Client-side software developed by researchers at the University of Michigan has been shown to control the onslaught of mobile data traffic and reduce interference among devices using Wi-Fi, Bluetooth and Zigbee.

The researchers' GapSense software enables devices to communicate with one another, exchanging simple stop and warning messages so their communications collide less often. Tests of GapSense have shown it can reduce interference by more than 88 percent on some networks with diverse devices, according to the university.

"GapSense creates a common language of energy pulses and gaps. The length of the gaps conveys the stop or warning message. Devices could send them at the start of a communication or in between information packets to let other gadgets in the vicinity know about their plans," said the university.

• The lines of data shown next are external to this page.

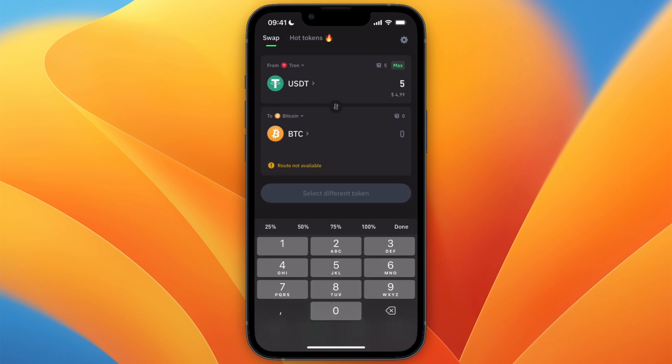Now just choose how much you want to swap. I'll select the five USDT I have in my account. Right now there is no route available for this specific amount on these specific networks, but this will often change.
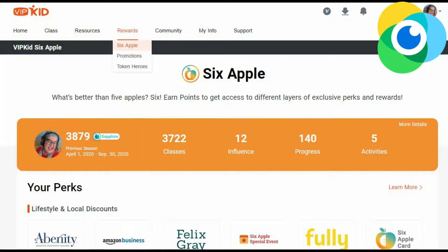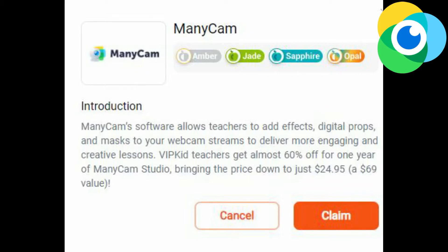Most online teachers want to try green screening, and that is inside of Studio. I recommend the Studio plan as a purchase. And if you're a VIPKid teacher like me, the six Apple program has a discount where you can receive the best rate I've seen to try out Studio for one year. In your VIPKid portal, go to the rewards tab at the top, then click on six Apple. Scroll down and you'll see a logo that says Manicam. Click the button to claim and at checkout it will automatically discount this for you.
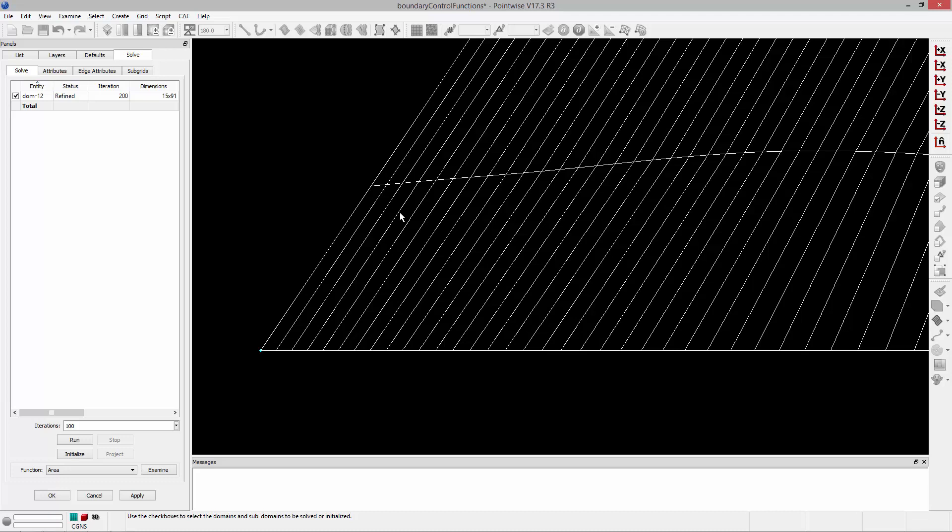So that's how you can use the angle controls in the Structured Grid Solver. Thank you, and have a pleasant Tuesday.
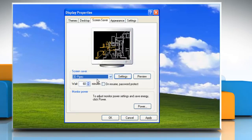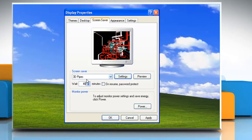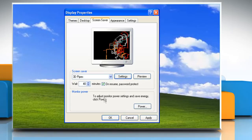In the Wait box, type the number of minutes the computer should wait to start the screen saver after you last touched the keyboard or mouse. Select the checkbox next to On Resume Password Protect. Click OK.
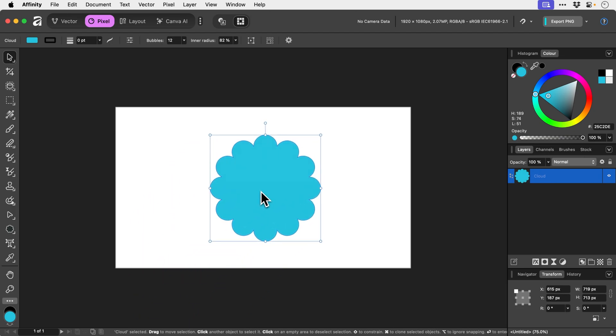Now just be mindful that this doesn't work with artboards. This feature will be grayed out because anything outside the bounds of the artboard will just be hidden automatically. Actually, that's not a bad cloud. It could have been worse.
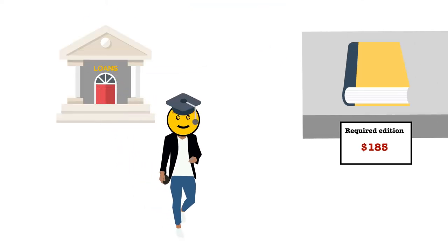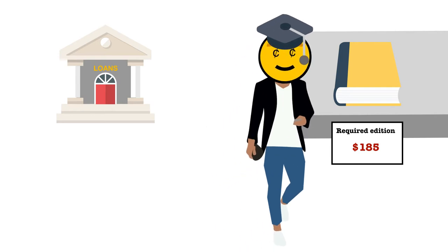Have you ever used a credit card so you could pay a bill? Maybe you've taken out a student loan to pay for tuition or books.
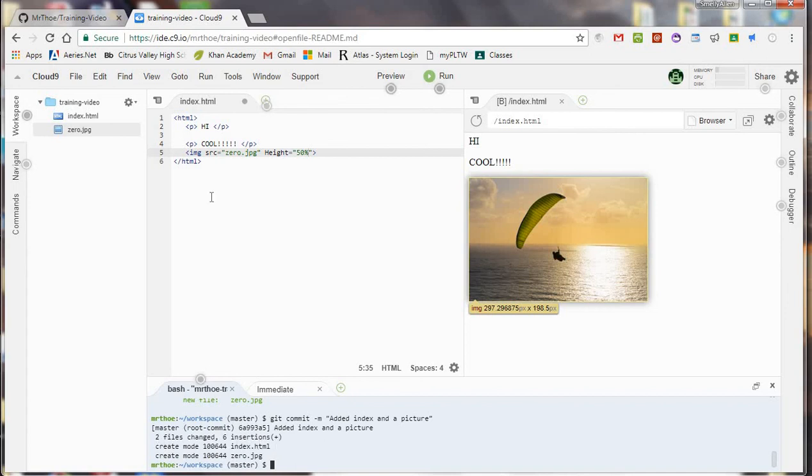So now once you've committed it it'll tell you great everything is done. We've got six insertions. That's because of these lines of code right there. We've got two different files changed. Created this file and created this picture. Bam.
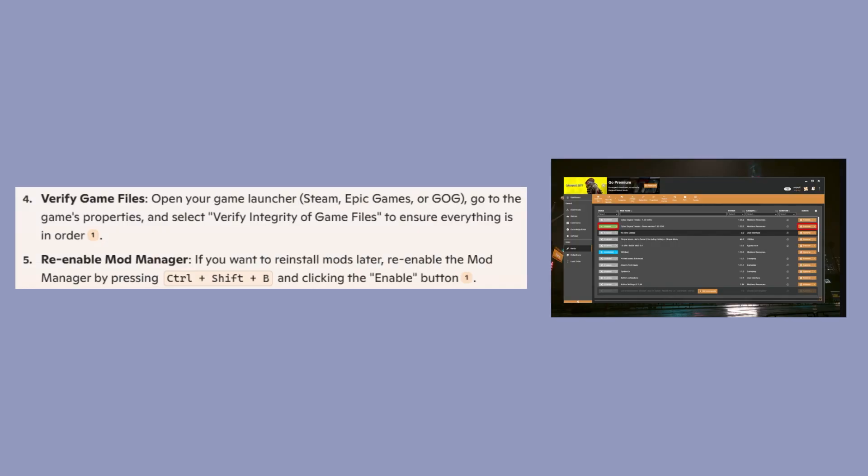Now open your game launcher, go to the game's properties, and select verify integrity of game files to ensure everything is in order.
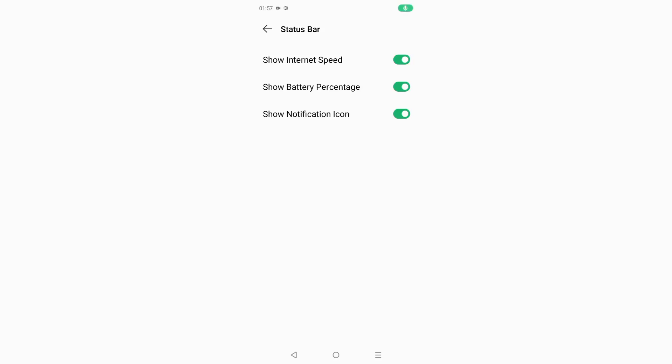Hello friends, in this video I'm going to show you how you can show your battery percentage on your status bar. Here you can see I have shown my battery percentage on the status bar — my battery is at 84%. If you want to turn on this battery percentage, you need to know what to do on your mobile phone.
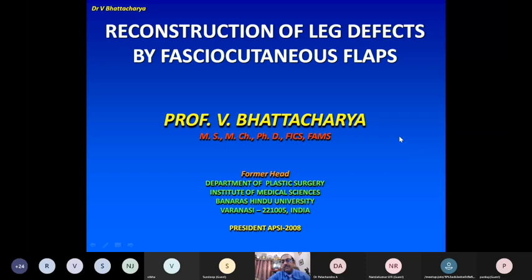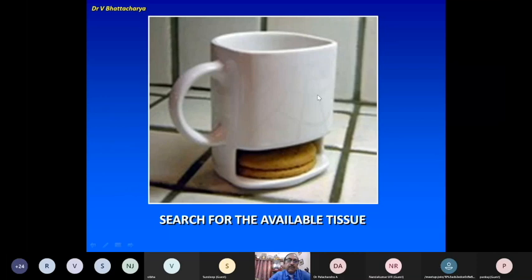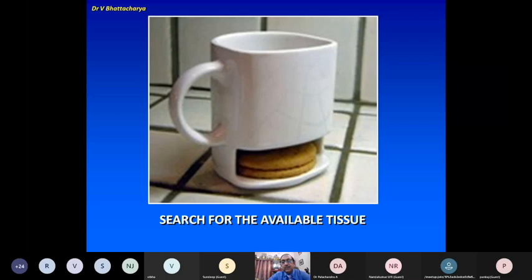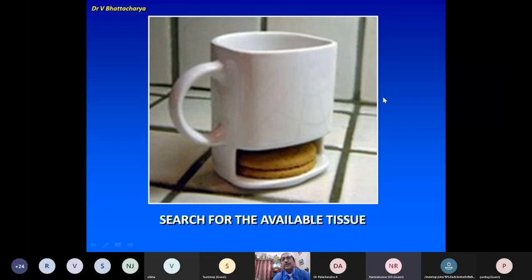I shall be dealing mostly with the clinical cases of resurfacing lower limb defects, and I will try to give you the whole spectrum. The topic is divided into three parts: choice of loco-regional flaps, combination flaps, and heel defects. We must search for the available tissue — visually as well as by palpation — to see which tissue is available for a given defect. There may be several modalities available; you must search for the most suitable one. Many defects can be resurfaced quite easily if you know how to search for available tissue.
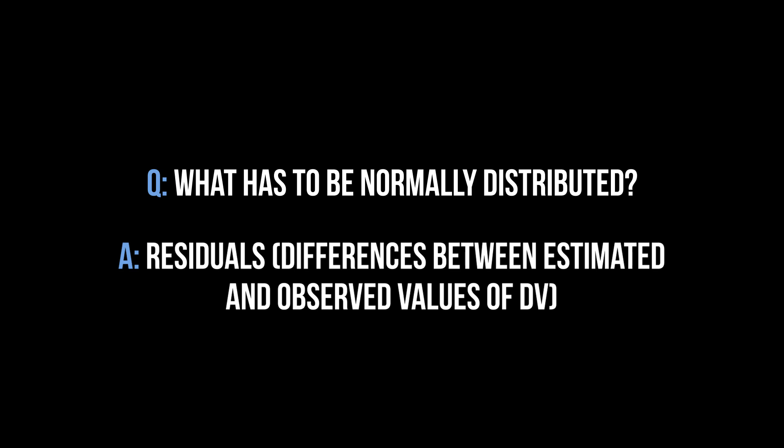It is not the dependent variable, but rather the residuals of the ANOVA that should be normally distributed. Simply put, residuals are the difference between values predicted by the model and observed values for the dependent variable.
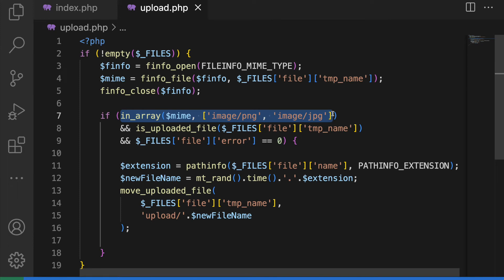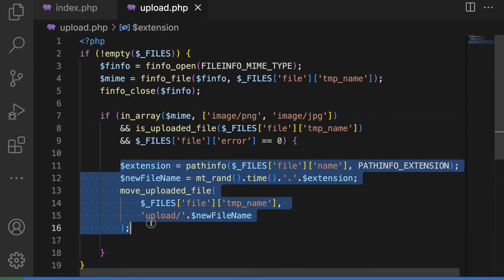Like here, only allowing PNG and JPEG files. Third, rename the file name into a random file name so attackers won't be able to access the file with the same name directly.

"Since [devices] don't have a direct means of communicating with each other because they use different protocols, we thought, 'How can we coordinate them so that each can perform their functions while minimizing interference with the others?'" said Kang Shin, a professor of computer science at the University of Michigan.

Shin and Xinyu Zhang, a former doctoral student in electrical engineering and computer science, are presenting their work on GapSense April 18 during the IEEE International Conference on Computer Communications in Turin, Italy.

The researchers contend the carrier sense multiple access (CSMA) protocol that programs devices to listen for radio silence before they send their own transmissions often does not work. During tests in a simulated office environment, the researchers found that with moderate Wi-Fi traffic, there was a 45 percent collision rate between ZigBee and Wi-Fi. GapSense reduced that to 8 percent.

GapSense also targets variances between Wi-Fi standards. At moderate Wi-Fi traffic, the researchers detected around a 40 percent collision rate between wider and narrower-bandwidth Wi-Fi devices, and GapSense reduced it to virtually zero, said the university.

The University of Michigan's work is funded by the National Science Foundation. The university is pursuing patent protection for the intellectual property and is seeking commercialization partners to help bring the GapSense to market.